In his motion, Mead, had asked the court to “determine whether subject matter jurisdiction exists” with regard to real property that is the subject of the complaint, and he argued at the hearing against the existence of subject matter jurisdiction in the case.
In his order, Judge Green ruled that the court has jurisdiction over the subject matter of the case “pursuant to the provisions of Section 163.035, Florida Statutes (2018) and Chapter 86, Florida Statutes (2018).”
Section 163.035 contains the provisions stemming from the customary use ordinance portion of the much-discussed House Bill (HB) 631. The section sets forth procedures to be used by local governments to affirm customary recreational use of the beach. Chapter 86, Florida Statutes deals with the jurisdiction of circuit and county courts and states, in part, “The circuit and county courts have jurisdiction within their respective jurisdictional amounts to declare rights, statues, and other equitable or legal relations whether or not further relief is or could be claimed.”
Court jurisdiction over persons, their property and interest was another matter dealt with in the court order. This type of jurisdiction is established by service of process/notification.
Section 163.035 sets detailed, specific requirements for local governments to follow in connection with a notice of intent to file a complaint to affirm recreational customary use, and in connection with filing a complaint to affirm recreational customary use, with the same requirements applying for both, and with notification to be provided to owners of property subject to these actions.
At the Oct. 21 hearing, Walton County’s legal counsel had reported that there remained 39 beachfront property owners who had not moved to intervene in the action and for which the county had not received return receipts for the notice mailed out of the filing of the complaint. Walton County Attorney Sidney Noyes also stated that five of those 39 property owners had refused service of the mailing. The county representatives had argued that Walton County had gone “over and above” the notification requirements, with notices having been mailed out at least six times to each of the 39 remaining property owners and seven or eight times for some of those.

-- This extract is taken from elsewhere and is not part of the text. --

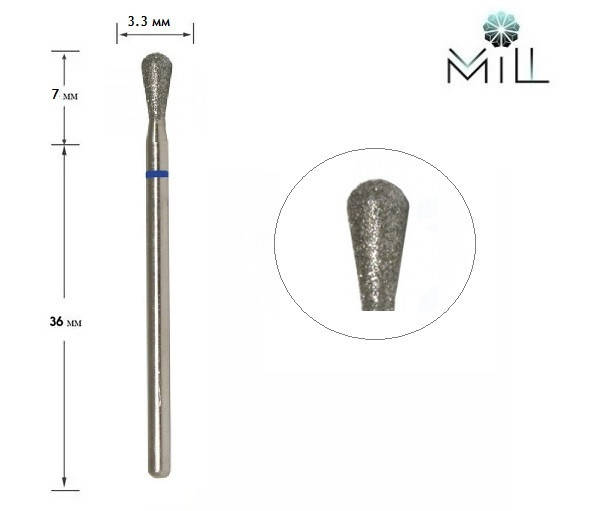 

Насадка алмазная Груша 3.3 мм синяя Mill, Синий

Dunaway had countered, “They have not met their statutory requirements.” He credited the county with being “diligent” but maintained that they had not been successful in providing notification to all parties, which, he argued, was what was legally required.
While determining that parties who had filed to intervene in the action without raising objection to the court’s jurisdiction had, in doing so, “waived any objections they might have had to the jurisdiction of the court over them,” Judge Green also made a finding that, “the notices provided to the owners who have not intervened in this action did not contain the information specifically required by statute.” He also observed that newspaper notices published about the complaint did not provide a date of receipt for the notice or final date for intervention and therefore did not meet a requirement for property owners to be given 45 days after they were notified to intervene in the case.
In summary, Judge Green concluded that the court does have subject matter jurisdiction, that the court has jurisdiction over the parties who had moved to intervene without challenging the court’s jurisdiction at the time the motions to intervene were filed, and that the court lacks jurisdiction over parties who had acted to challenge the court’s jurisdiction and who had taken no other action that would “submit them to the jurisdiction of the court.”
While the majority of the owners of the nearly 1,200 parcels that are the subject of the complaint have moved to intervene without challenging the court’s jurisdiction, hundreds of property owners would likely fall outside the court’s jurisdiction as a result of the court ruling.
The order also specified that an existing stay on the action/complaint would remain in effect at least until the next hearings in the case. These are scheduled to begin at 9 a.m. on Nov. 12.
An amended order was issued on Oct. 30 to correct a scrivener’s error in the Oct. 25 court order. This was followed by a corrected amended order issued on Nov. 4 to reverse an unintentional change to another part of the document that had accompanied the scrivener’s error correction in the Oct. 30 amended order.